*Exercise description:* Your answer must be an exact copy of the entries below, with every picture removed.

*Listed records:*
Segment Open

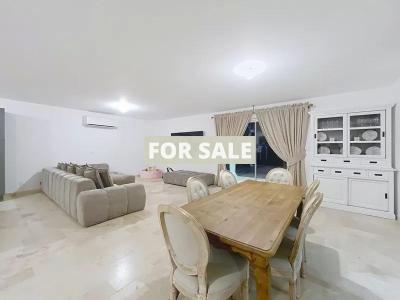 Contemporary Detached House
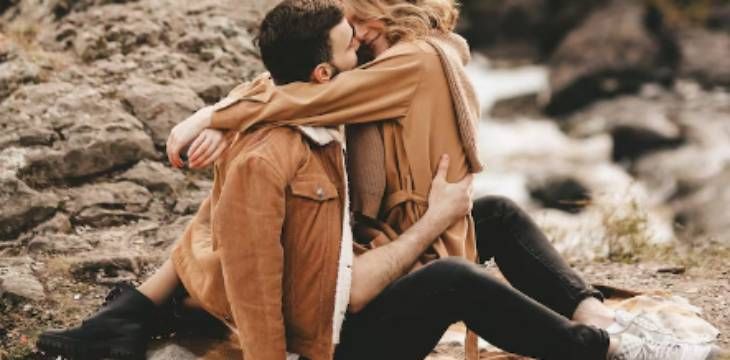 Индонезия ввела закон о внебрачных отношениях: что изменилось и касается ли это туристов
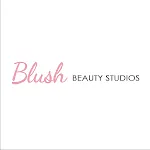 Blush Beauty Studios icon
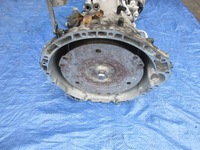 фото thumb №3, Dodge durango iii 3.6i 2020 коробка передач коробки передач сцепление 4wd автомат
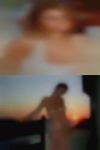 Massachusetts local sex clubs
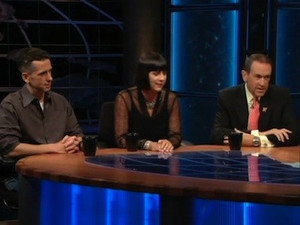 Still from August 26, 2005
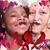 Edna Martinez's profile image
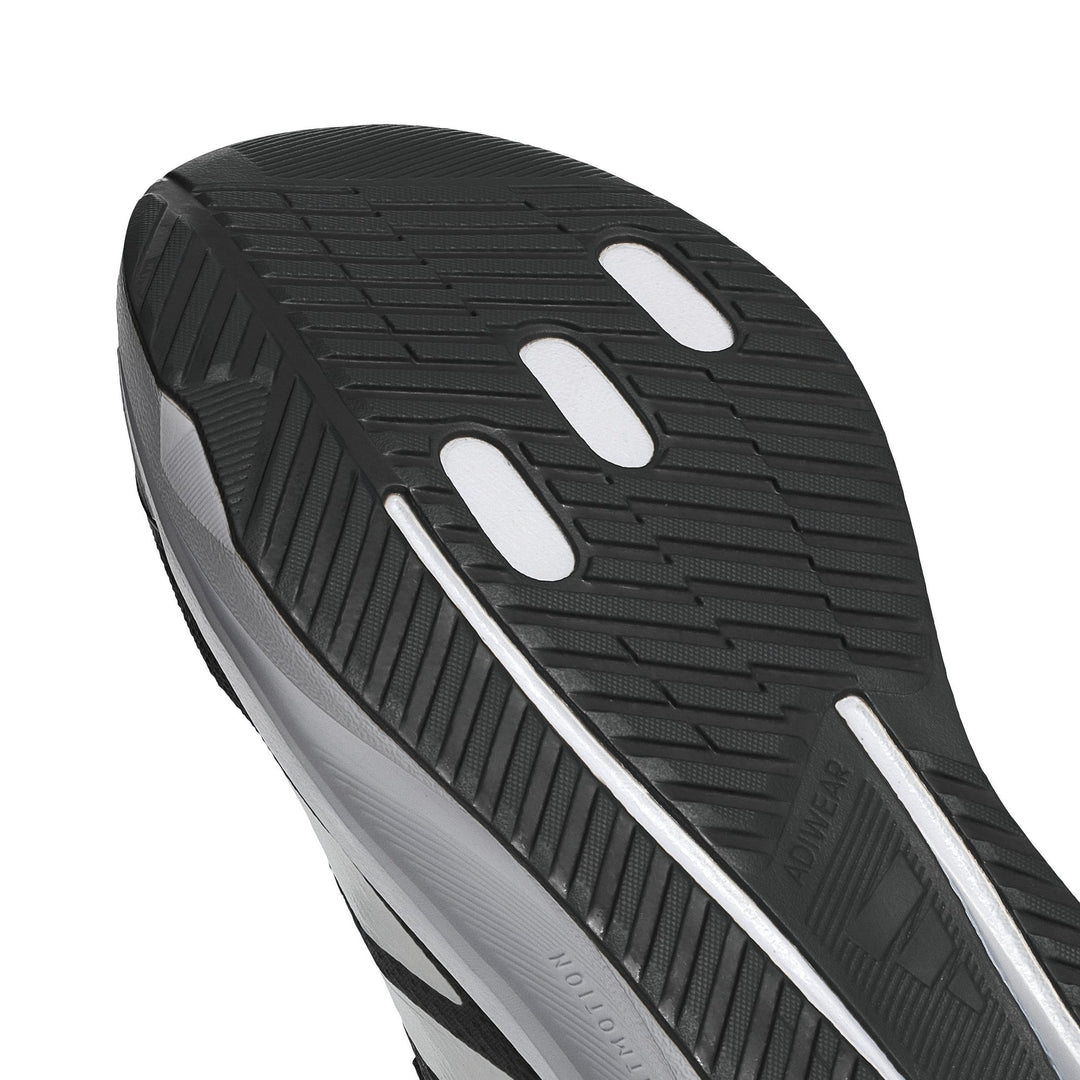 adidas Duramo Sl2 M Laufschuh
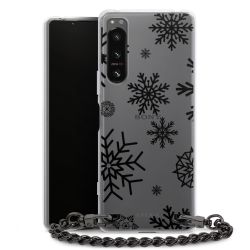 Wrist Case Black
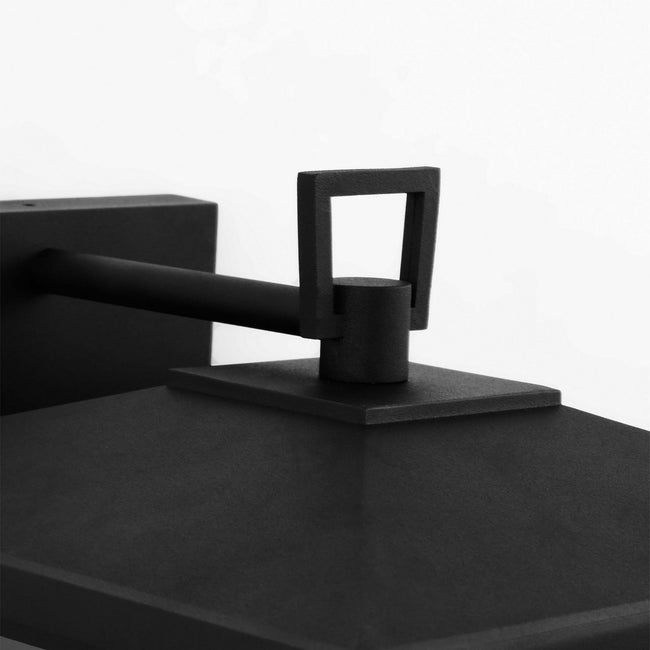 Generation Lighting-GLO1403TXB|ALT|7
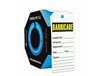 TAGS BY-THE-ROLL BARRICADE SAFETY TAGS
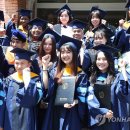 서구-01-87 | 외국인 유학생 27만명-전체10% 차지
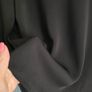 Women's Mango Shirt size M Image 3
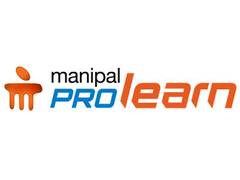 
      
      Manipal in talks with Jigsaw Academy to create joint B2C unit
      
      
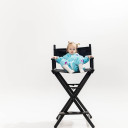 Паулина Абышева  - фото № 41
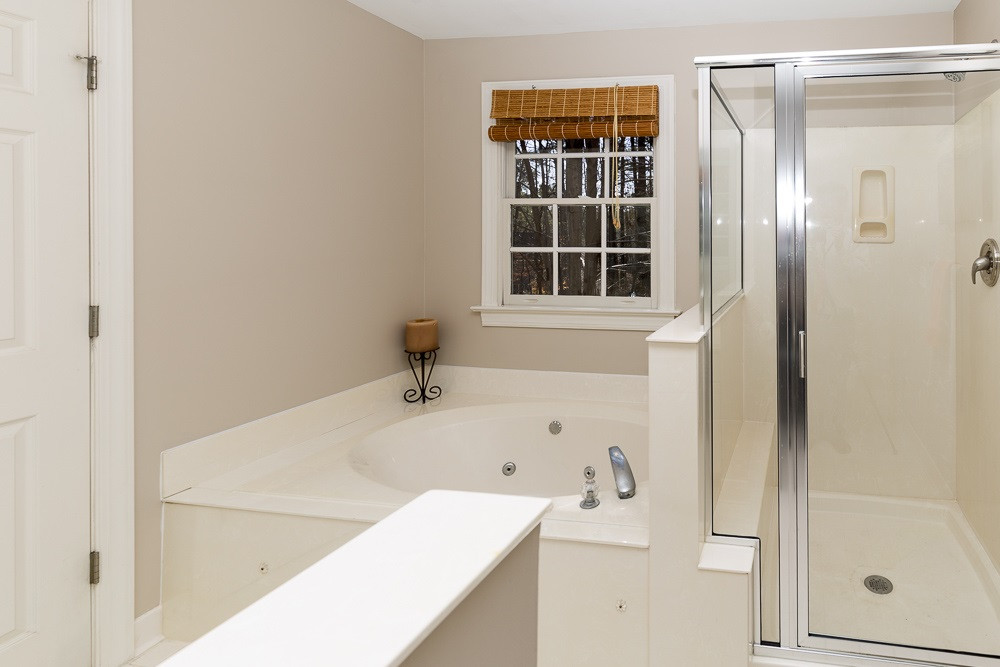 5817 North Hawthorne Way Raleigh, NC 27613 - Photo 15 of 25 Photo 15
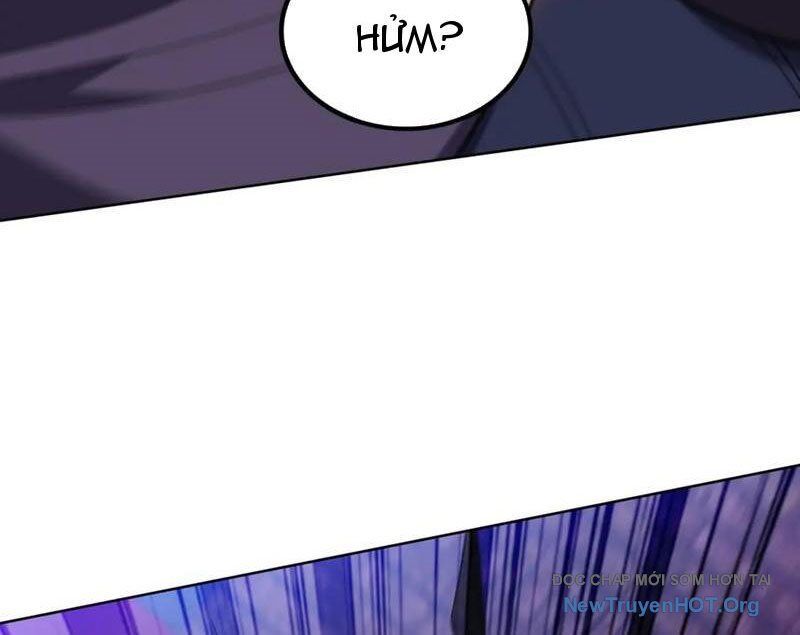 Huyễn Thú Của Ta Có Thể Tiến Hoá Vô Hạn: Chapter 45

Segment Closed

*Result of the task:*
 Contemporary Detached House
 Индонезия ввела закон о внебрачных отношениях: что изменилось и касается ли это туристов
 Blush Beauty Studios icon
 фото thumb №3, Dodge durango iii 3.6i 2020 коробка передач коробки передач сцепление 4wd автомат
 Massachusetts local sex clubs
 Still from August 26, 2005
 Edna Martinez's profile image
 adidas Duramo Sl2 M Laufschuh
 Wrist Case Black
 Generation Lighting-GLO1403TXB|ALT|7
 TAGS BY-THE-ROLL BARRICADE SAFETY TAGS
 서구-01-87 | 외국인 유학생 27만명-전체10% 차지
 Women's Mango Shirt size M Image 3
      
      Manipal in talks with Jigsaw Academy to create joint B2C unit
      
      
 Паулина Абышева  - фото № 41
 5817 North Hawthorne Way Raleigh, NC 27613 - Photo 15 of 25 Photo 15
 Huyễn Thú Của Ta Có Thể Tiến Hoá Vô Hạn: Chapter 45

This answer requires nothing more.